Bound, antibound and resonance two-photon states in chiral waveguide QED

TL;DR

This paper provides a comprehensive theoretical analysis of two-photon states in chiral waveguide QED, revealing bound, antibound, and resonance states across all momentum values and highlighting a gapless spectrum with topological features.

Contribution

It introduces a complete spectrum analysis for two-particle states in chiral waveguide QED, including bound and resonance states over all momentum ranges, and discusses topological effects.

Findings

Existence of bound, antibound, and resonance states for all momentum values.

The spectrum is gapless and consistent across all center-of-mass momenta.
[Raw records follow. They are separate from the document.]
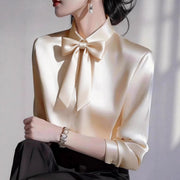 Elegant All-Match Bow-Knot Collar Long-Sleeve Shirt Womens Clothing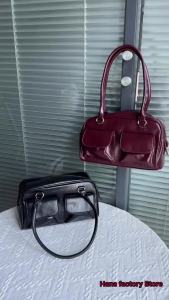 Vintage Women Business Shoulder Bags Simple Ladies Commute Tote Bag Pu Leather Female Bag Burgundy Large Handbags Purse2026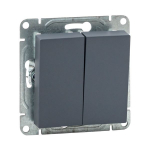 Механизм выключателя, двухклавишный, графит Эпика EKF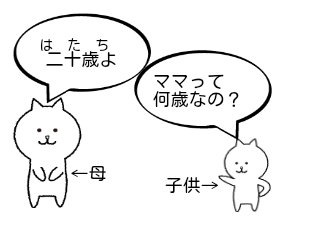 ４コマ漫画「頭のいい子供」の１コマ目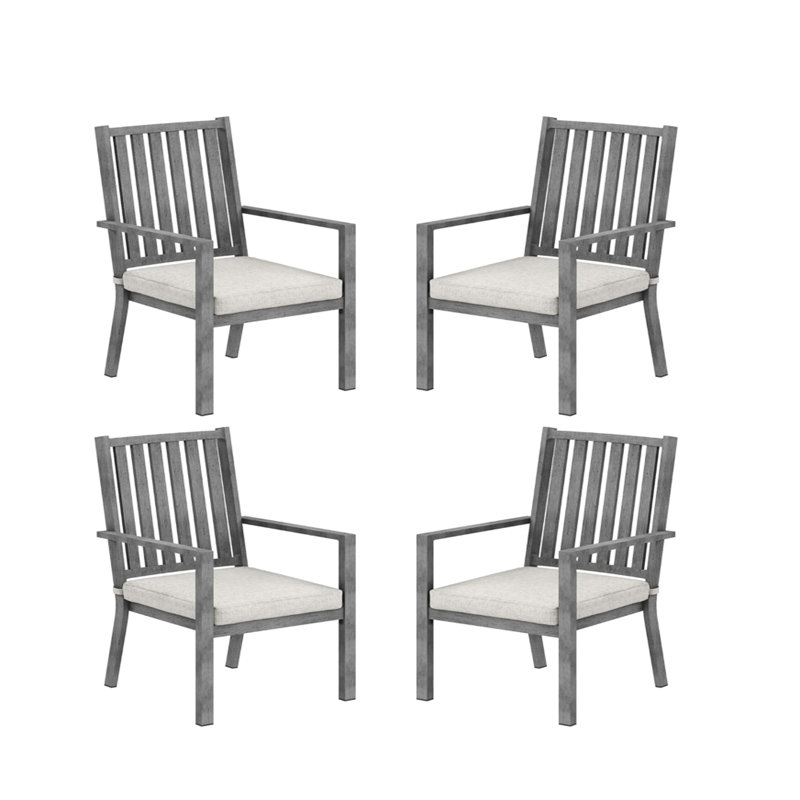 4 chaises de patio en aluminium toutes saisons de 23 pouces avec coussins gris pour les patios et les jardins de 4 chaises de salle à manger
The dispersion law indicates a topological non-Hermitian skin effect.

Abstract

We present a theoretical study of the two-particle spectrum $\omega(K)$ for the chiral waveguide QED setup of an array of two-level atoms directionally interacting with photons propagating along the waveguide. We demonstrate that for each pair center-of-mass momentum $K$ there exist distinct solutions with $\Im\omega\le 0$ in the two-particle spectrum, corresponding to bound, antibound and resonance states, in addition to the continuum of scattering states. Contrary to previous studies, which showed the bound and resonance-state spectra only over a limited range of $K$, the calculated spectrum is consistent across all $K$ values. An interesting finding is that the real part of the spectrum $\Re \omega(K)$ in the chiral model is gapless. The calculated dispersion law $\omega(K)$ provides an effective model for the bound photon pairs also in a finite-size array, manifesting the topological non-Hermitian skin effect.